Our new S7 4.0 TFSI just showed up. The S8 should be here soon too. This should be interesting. Lots of plans for this awesome power plant! : )


----------



## ylwbeast (Oct 20, 2008)

As I have an S6 on order, can't wait to see what you guys have in store for this one!!! 540-560 bhp and 600-650 nm sounds like good numbers to me!!! I have the utmost faith in you guys!!!


----------



## BoiseAuctioneer (Oct 8, 2012)

Very interested to see what you come up with!


----------



## Protopsjacob (Feb 9, 2012)

Picked up my s6 last week cannot wait to get an extra 100 hp easy


----------



## towrig (Dec 29, 2004)

stupid easy mods for this engine. Huge power potential. The real question is how much torque can the drivetrain take. The twin clutch tranny is not as hardy as you might believe and a rebuild will be $$$$$$$$$. Does anyone have true specs about the limits for torque on the S tranny???


----------



## ylwbeast (Oct 20, 2008)

Any new development? Anxiously awaiting to see what you guys do with the S6/S7. Can you give us an update on APR's progress?


----------



## [email protected] (Jul 29, 2008)

ylwbeast said:


> Any new development? Anxiously awaiting to see what you guys do with the S6/S7. Can you give us an update on APR's progress?

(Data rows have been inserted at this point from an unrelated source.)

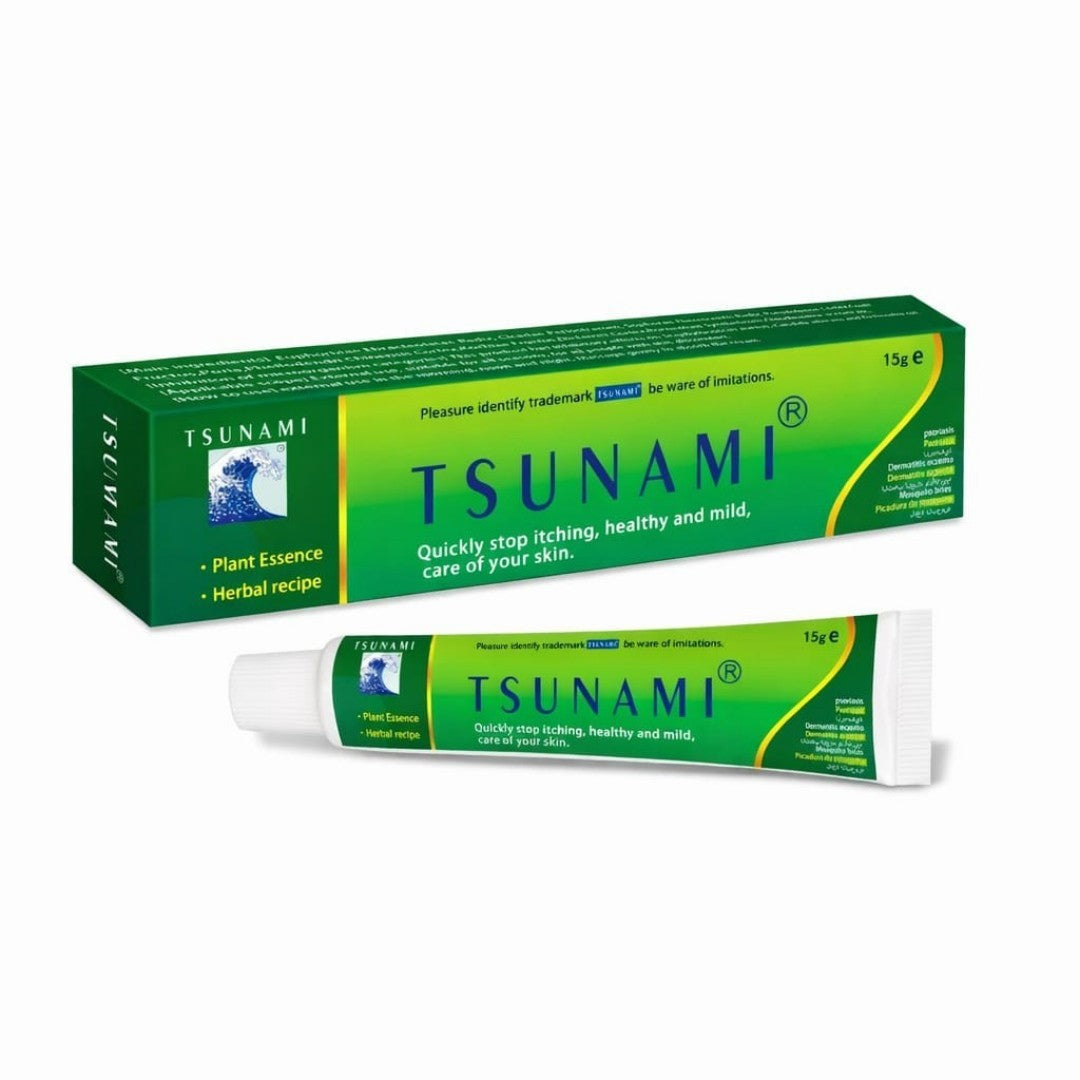 CREMA VERDE TSUNAMI 1619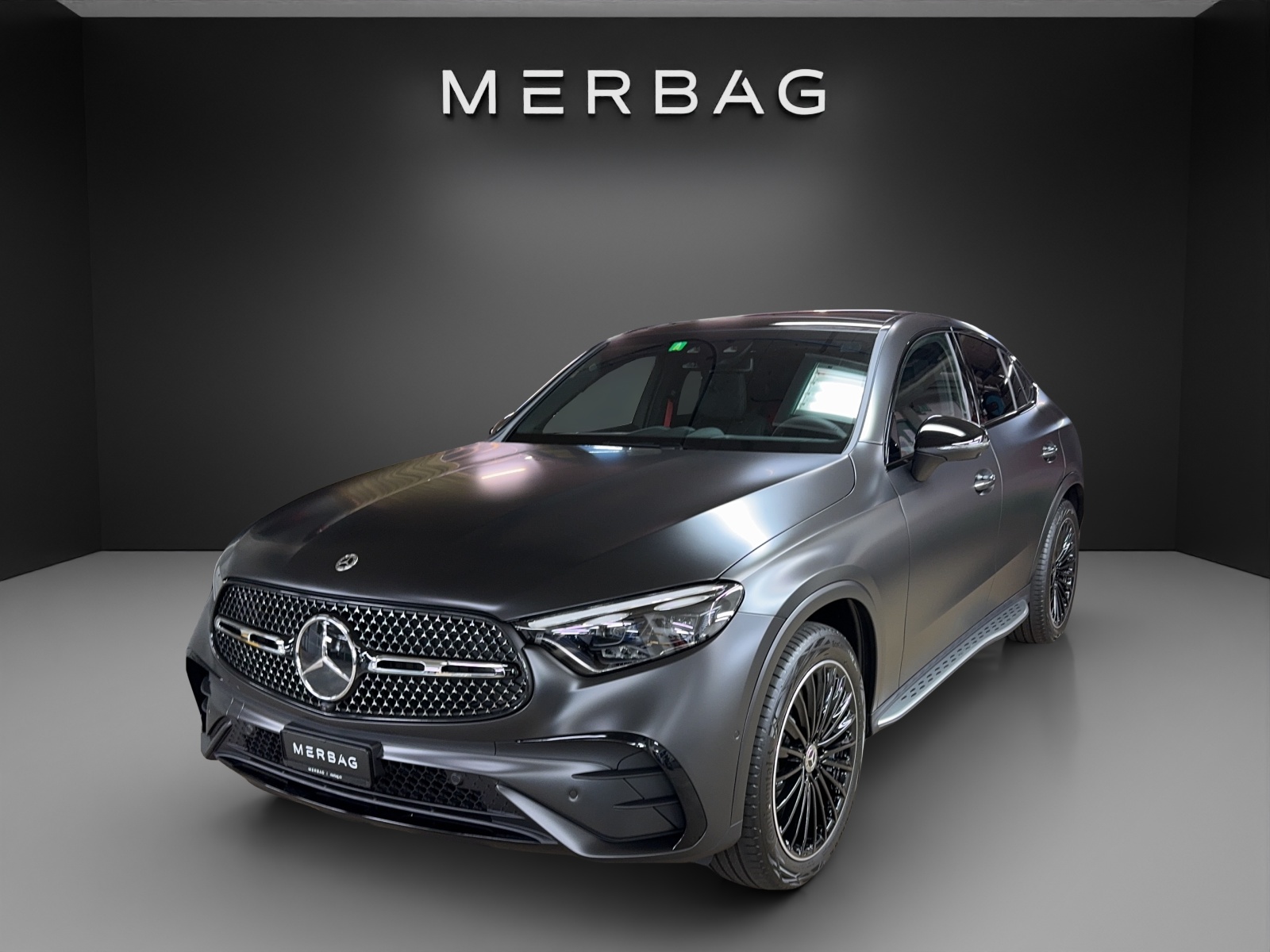 MERCEDES-BENZ GLC Coupé 220 d 4Matic 9G-Tronic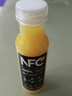 农夫山泉 100%纯果汁NFC果汁300ml*12瓶缤纷中秋礼盒(6瓶橙汁+6瓶芒果汁) 实拍图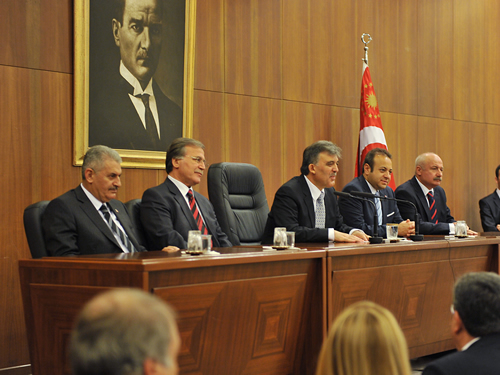 Cumhurbaşkanı Gül Slovenya'ya Gitti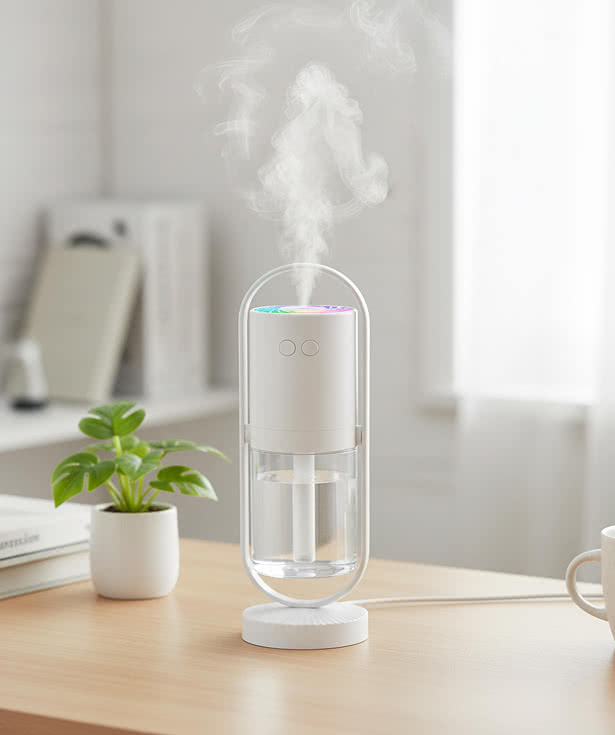Rechargeable Rotating Light-Up 2.0 Humidifier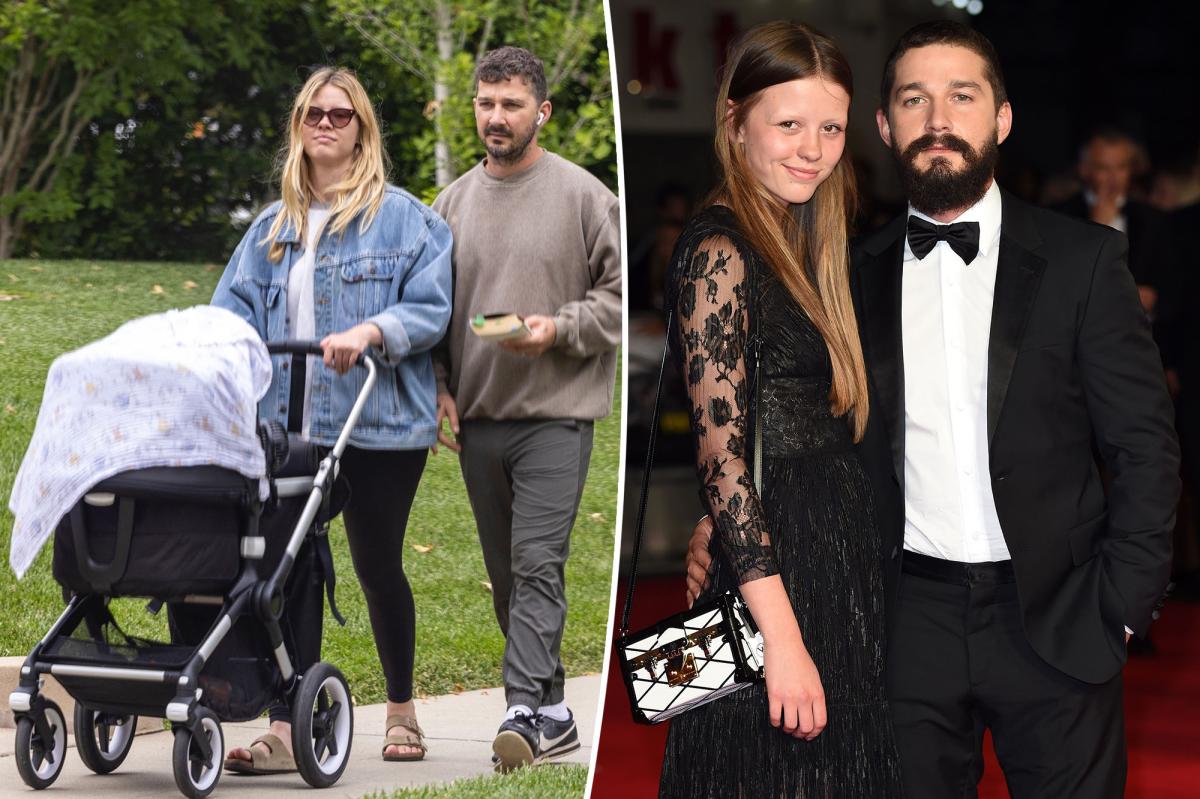 Shia LaBeouf reveals name of his and Mia Goth's daughter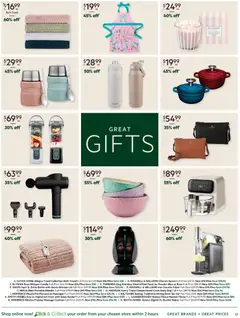 Preview of Harris Scarfe catalogue - valid from 27.04.2026 | Page: 23 | Products: Cushion, Bath, Basket, Digital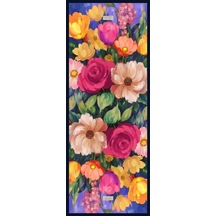 La Boutique Özel Seri Şal 2557-03 - 70x190 Çok Renkli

I'll post an update as soon as I can.


----------



## Al Pettee (Jun 20, 2009)

towrig said:


> stupid easy mods for this engine. Huge power potential. The real question is how much torque can the drivetrain take. The twin clutch tranny is not as hardy as you might believe and a rebuild will be $$$$$$$$$. Does anyone have true specs about the limits for torque on the S tranny???


One way to get a hint at the torque specs of the S-tronic (and R-tronic) trannies on the S7 (and S8) is to see what ABT and MTM have done with their conversions. MTM hasn't released their kits yet, but ABT's advertises the following numbers, stock setup-to-ABT tuning:

S7: 420HP/550Nm(405lb-ft)-to-540HP/680Nm(500lb-ft). Gains of 120HP/130Nm(95lb-ft).
S8: 520HP/650Nm(480lb-ft)-to-640HP/780Nm(575lb-ft). Gains of 120HP/130Nm(95lb-ft).

There might be more power and torque on the table, especially with mods. to the S7 intake which is more restrictive than the S8's, but north of 700Nm might be pushing it on the S7 S-tronic....


----------



## ylwbeast (Oct 20, 2008)

I was curious if there are any new updates to the upgrades for the S6/S7. I realize that you may be busy preparing for new race season Rolex-24 et al but about to take delivery of a new S6. Thanks for any new news!!


----------